PROBLEM STATEMENT
The required output is the exact run of lines in the listing below from the line holding "Foto 3 pulgar" through the line holding "Khroma|Caribbean palm tree", with no pictures.

*** Opening of RECORDED DATA ***

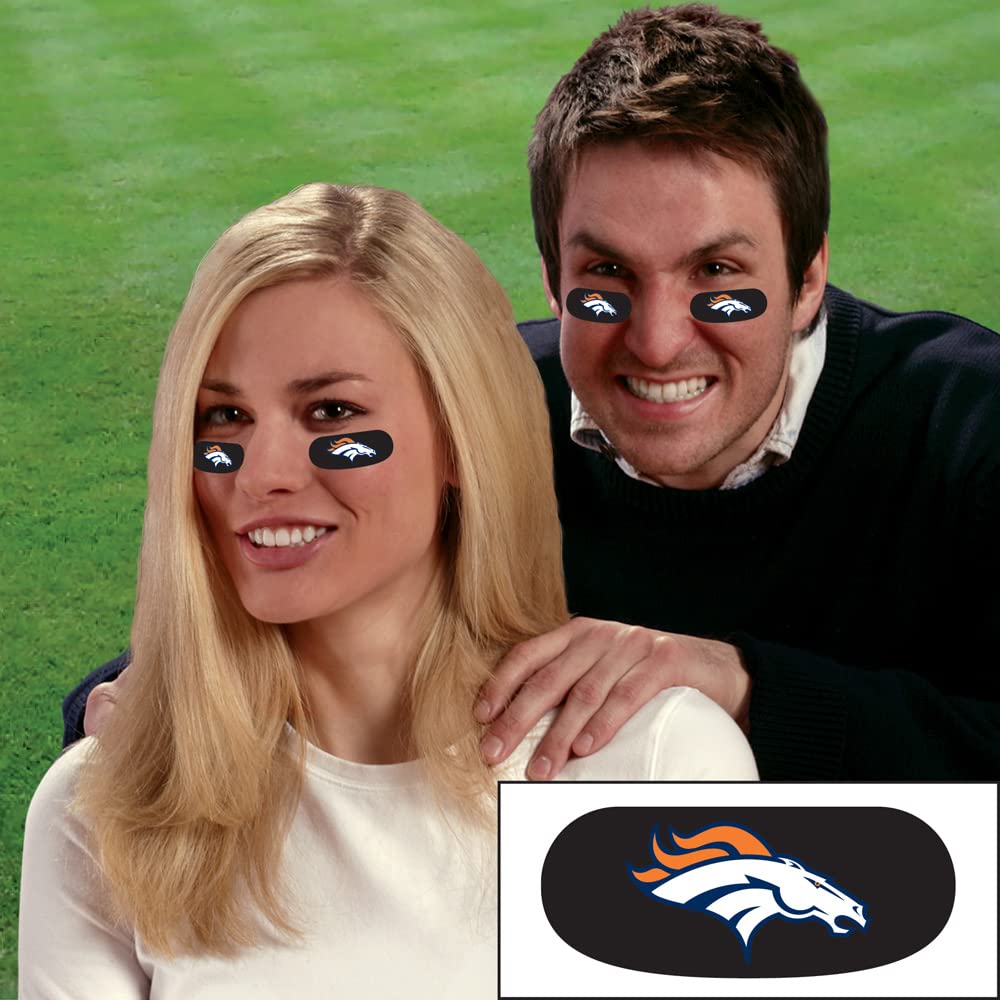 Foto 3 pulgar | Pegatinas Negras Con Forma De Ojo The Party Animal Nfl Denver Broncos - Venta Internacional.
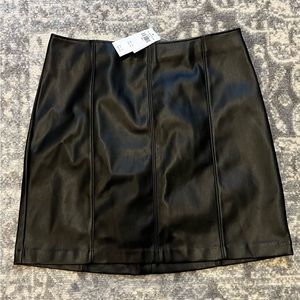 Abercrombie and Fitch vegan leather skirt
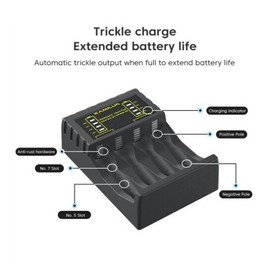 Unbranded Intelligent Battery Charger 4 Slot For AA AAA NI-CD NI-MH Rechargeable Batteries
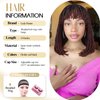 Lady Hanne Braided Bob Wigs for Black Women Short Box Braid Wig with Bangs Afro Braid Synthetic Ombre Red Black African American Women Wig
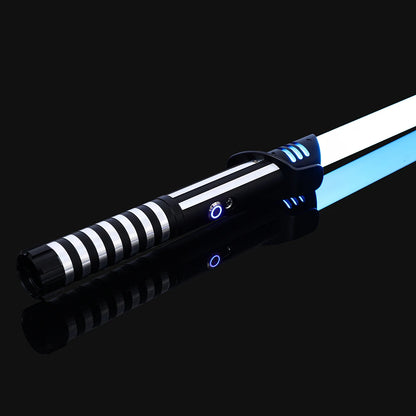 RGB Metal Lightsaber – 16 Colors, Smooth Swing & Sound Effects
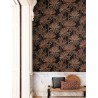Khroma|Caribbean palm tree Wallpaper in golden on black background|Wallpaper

*** Close of RECORDED DATA ***
*** Opening of RECORDED DATA ***

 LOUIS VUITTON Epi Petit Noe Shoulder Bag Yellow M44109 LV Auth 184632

*** Close of RECORDED DATA ***

RESULT
 Foto 3 pulgar | Pegatinas Negras Con Forma De Ojo The Party Animal Nfl Denver Broncos - Venta Internacional.
 Abercrombie and Fitch vegan leather skirt
 Unbranded Intelligent Battery Charger 4 Slot For AA AAA NI-CD NI-MH Rechargeable Batteries
 Lady Hanne Braided Bob Wigs for Black Women Short Box Braid Wig with Bangs Afro Braid Synthetic Ombre Red Black African American Women Wig
 RGB Metal Lightsaber – 16 Colors, Smooth Swing & Sound Effects
Khroma|Caribbean palm tree Wallpaper in golden on black background|Wallpaper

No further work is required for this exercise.